» TASK REQUIREMENTS: Tell how many lines in the data contain the string "Unlimited", using a single number as the whole reply.

(RECORDS FOR THIS EXERCISE)

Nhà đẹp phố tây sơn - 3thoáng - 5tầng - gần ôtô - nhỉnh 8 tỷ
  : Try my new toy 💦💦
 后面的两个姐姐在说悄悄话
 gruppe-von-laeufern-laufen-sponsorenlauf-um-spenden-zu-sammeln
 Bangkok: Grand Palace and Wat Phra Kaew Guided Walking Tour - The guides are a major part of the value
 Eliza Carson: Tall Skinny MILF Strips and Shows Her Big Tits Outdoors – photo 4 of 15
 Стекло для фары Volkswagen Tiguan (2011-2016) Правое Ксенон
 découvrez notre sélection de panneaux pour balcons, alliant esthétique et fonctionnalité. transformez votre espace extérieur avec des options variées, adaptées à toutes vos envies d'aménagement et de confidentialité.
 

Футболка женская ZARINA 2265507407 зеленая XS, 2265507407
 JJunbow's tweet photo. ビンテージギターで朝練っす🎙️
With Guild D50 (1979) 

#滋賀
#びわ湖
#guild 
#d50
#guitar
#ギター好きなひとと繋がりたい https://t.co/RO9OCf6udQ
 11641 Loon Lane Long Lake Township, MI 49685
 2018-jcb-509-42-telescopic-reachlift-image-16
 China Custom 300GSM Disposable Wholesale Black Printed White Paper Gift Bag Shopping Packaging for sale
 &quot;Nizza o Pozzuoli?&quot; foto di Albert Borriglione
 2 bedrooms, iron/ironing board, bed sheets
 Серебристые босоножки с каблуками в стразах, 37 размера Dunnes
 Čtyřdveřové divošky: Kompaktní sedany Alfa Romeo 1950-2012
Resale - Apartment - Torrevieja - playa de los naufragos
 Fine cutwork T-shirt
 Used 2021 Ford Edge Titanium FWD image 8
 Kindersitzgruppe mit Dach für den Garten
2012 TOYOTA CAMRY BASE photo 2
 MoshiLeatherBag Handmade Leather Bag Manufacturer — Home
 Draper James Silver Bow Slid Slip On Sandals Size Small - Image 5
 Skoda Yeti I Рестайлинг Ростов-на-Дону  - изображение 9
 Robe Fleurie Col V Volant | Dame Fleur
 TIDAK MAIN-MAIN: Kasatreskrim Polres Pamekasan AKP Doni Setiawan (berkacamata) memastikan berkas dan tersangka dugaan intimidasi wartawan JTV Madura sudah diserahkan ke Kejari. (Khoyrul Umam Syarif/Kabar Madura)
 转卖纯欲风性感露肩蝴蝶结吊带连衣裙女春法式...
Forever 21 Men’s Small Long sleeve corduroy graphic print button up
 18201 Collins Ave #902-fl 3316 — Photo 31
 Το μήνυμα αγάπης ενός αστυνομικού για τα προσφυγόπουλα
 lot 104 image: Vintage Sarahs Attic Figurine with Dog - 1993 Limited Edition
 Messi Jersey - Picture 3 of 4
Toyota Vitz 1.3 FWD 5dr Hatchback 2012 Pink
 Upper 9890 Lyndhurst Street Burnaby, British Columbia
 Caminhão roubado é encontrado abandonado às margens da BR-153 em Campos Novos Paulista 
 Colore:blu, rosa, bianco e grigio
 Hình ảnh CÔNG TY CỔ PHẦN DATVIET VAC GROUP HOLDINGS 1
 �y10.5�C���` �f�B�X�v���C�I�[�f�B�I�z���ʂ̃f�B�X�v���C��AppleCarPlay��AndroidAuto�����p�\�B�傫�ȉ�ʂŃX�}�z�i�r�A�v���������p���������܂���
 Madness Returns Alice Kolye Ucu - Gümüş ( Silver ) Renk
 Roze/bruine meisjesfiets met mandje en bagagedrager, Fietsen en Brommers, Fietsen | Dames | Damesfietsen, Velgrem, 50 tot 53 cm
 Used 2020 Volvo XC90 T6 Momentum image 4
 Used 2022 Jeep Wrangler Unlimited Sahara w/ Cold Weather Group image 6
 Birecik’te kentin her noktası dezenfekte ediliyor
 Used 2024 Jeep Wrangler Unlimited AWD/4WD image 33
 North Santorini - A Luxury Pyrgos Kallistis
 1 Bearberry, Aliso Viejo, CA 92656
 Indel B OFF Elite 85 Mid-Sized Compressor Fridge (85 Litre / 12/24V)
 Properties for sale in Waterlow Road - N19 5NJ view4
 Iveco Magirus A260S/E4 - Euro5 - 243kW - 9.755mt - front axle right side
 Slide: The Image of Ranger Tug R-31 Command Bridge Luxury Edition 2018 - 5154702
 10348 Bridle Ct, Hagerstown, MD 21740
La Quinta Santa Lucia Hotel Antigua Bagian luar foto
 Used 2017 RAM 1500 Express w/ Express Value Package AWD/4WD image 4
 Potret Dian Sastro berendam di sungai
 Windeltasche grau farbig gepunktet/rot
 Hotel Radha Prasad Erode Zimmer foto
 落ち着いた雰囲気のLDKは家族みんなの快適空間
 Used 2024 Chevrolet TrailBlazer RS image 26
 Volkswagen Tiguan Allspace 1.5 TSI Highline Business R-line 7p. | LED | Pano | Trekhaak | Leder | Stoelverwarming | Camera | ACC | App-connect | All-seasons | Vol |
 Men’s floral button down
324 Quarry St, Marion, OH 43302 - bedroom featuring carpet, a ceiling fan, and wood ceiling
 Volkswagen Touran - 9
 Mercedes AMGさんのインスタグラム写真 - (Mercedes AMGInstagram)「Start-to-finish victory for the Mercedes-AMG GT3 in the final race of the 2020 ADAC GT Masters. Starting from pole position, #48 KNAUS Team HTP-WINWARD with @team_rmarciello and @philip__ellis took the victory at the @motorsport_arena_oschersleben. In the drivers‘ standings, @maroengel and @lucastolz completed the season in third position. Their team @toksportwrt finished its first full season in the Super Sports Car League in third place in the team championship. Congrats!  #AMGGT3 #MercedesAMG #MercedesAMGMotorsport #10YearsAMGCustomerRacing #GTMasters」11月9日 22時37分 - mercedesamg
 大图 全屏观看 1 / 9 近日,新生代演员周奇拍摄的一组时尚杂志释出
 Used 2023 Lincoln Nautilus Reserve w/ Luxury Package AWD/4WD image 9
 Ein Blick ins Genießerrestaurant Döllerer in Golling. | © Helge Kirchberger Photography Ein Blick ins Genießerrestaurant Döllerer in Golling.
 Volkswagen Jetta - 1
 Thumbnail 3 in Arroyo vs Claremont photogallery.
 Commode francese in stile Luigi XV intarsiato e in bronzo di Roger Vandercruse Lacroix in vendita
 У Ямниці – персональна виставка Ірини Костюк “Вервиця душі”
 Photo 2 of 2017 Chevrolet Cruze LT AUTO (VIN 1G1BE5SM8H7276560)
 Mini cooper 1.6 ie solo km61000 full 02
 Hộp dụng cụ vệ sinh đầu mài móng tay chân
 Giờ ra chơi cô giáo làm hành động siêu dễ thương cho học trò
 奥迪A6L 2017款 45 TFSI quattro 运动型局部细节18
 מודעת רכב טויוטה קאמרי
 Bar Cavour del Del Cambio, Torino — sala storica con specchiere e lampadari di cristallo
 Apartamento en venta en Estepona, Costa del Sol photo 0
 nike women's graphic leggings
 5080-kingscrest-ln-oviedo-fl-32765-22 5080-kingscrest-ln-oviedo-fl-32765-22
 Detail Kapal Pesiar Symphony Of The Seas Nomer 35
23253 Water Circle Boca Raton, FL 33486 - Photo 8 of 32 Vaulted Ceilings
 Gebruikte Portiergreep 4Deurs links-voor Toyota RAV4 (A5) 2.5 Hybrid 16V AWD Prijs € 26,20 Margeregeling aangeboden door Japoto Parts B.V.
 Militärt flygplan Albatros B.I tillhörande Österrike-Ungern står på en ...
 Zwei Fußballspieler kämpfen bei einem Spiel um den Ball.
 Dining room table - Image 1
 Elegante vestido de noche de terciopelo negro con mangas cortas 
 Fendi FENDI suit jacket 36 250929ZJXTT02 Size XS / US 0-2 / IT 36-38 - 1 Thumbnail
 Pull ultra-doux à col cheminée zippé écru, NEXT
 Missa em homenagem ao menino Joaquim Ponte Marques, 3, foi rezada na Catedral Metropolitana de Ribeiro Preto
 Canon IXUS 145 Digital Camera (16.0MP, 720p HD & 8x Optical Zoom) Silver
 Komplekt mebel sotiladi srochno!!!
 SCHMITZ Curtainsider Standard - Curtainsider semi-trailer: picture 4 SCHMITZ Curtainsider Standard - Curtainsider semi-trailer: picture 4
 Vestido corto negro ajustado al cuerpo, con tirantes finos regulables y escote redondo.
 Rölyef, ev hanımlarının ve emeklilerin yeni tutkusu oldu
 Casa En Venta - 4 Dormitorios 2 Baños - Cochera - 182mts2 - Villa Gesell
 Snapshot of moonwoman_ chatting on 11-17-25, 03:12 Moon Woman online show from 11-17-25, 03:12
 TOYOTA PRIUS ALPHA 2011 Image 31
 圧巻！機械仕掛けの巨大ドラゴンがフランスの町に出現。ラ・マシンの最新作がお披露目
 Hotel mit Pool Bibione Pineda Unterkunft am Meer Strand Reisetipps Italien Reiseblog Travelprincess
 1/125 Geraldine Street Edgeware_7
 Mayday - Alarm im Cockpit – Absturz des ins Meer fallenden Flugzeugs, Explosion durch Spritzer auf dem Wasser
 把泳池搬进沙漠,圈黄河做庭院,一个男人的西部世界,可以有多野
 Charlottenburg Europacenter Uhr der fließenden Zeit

(End RECORDS FOR THIS EXERCISE)

» TASK SOLUTION: 2